Increased organisational capacity. In line with the project’s recommendations, the number of Health Insurance Department staff almost doubled by early 2013. Anticipating this increase and the many new procedures introduced by the reform project, a range of training packages were rolled out beginning in 2012. As well, a Mid Term Strategy was created to provide a business plan for the HID over next four years.
Improving quality of services. The project supported the design of a continuous quality improvement programme with the assistance of international experts, including one of Germany’s largest health insurance funds. It included detailed contracts between SIGO and health care providers; new claims submissions and control processes; patient satisfaction surveys; a peer review process to resolve conflicts. A one-year pilot programme in four hospitals in Ulaanbaatar increased efficiency in the claims process, improved error identification in claims, and improved the adversarial relationship between health insurance inspectors and hospitals. In 2013, the contracts were renewed in the pilot hospitals, and the new approaches will be rolled out across the country starting in 2014.
Breaking the stalemate through social dialogue. The most visible reflection of the project’s successful brokering of consensus was the development of a Long Term Strategic Policy for Mongolia’s social health insurance. Facilitated by GIZ experts under the umbrella of the P4H Network (a global network of which Germany is a member), the process brought together all stakeholder organisations over the course of 2012/2013. The resulting Strategy explicitly aligns the Mongolian social health insurance system with the WHO’s concept of Universal Health Coverage. Mongolia’s cabinet approved it on 13 April 2013.

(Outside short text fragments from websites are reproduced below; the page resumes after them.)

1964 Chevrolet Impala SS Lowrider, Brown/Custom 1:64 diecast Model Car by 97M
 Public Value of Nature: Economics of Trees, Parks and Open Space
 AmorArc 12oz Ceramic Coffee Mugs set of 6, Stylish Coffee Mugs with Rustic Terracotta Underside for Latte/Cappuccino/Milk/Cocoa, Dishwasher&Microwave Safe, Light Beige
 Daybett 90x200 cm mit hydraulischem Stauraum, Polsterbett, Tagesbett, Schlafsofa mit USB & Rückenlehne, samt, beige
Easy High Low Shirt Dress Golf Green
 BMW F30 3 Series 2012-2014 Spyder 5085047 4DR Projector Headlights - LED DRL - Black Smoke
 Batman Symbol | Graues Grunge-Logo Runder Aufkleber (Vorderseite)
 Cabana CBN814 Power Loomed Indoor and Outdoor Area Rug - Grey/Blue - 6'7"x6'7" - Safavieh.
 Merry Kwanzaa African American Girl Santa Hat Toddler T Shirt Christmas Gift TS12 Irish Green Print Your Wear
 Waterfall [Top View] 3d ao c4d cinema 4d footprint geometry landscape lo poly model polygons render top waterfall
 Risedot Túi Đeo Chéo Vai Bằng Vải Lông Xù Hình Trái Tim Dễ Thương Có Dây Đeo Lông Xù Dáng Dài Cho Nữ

Legislative reform. New proposals to amend the Citizen’s Health Insurance Law are currently being discussed in Parliament. Among other reforms, the amendments refocus the Law on fulfilling the needs of beneficiaries and increasing the operational independence of the health insurance organisation as a health care service purchasing organisation.
Choosing the correct ‘entry points.’ In 2008-2010, creating the Expert Group helped both to inform and to gain consensus from all stakeholders. In 2011-2013, improving the Health Insurance Division’s performance brought it significant support from government, health care institutions, and social partners.
Learning by doing. Carrying out capacity building in a participatory way allowed lessons learned in pilots and early phases to be accepted and even eagerly anticipated as reforms were rolled out country-wide.
Addressing power issues. Significant bottlenecks were reduced by resolving longstanding tensions over institutional ‘turf’ between the Ministry of Health and the Ministry of Population Development and Social Protection, and by increasing the social partners’ ability to influence policy.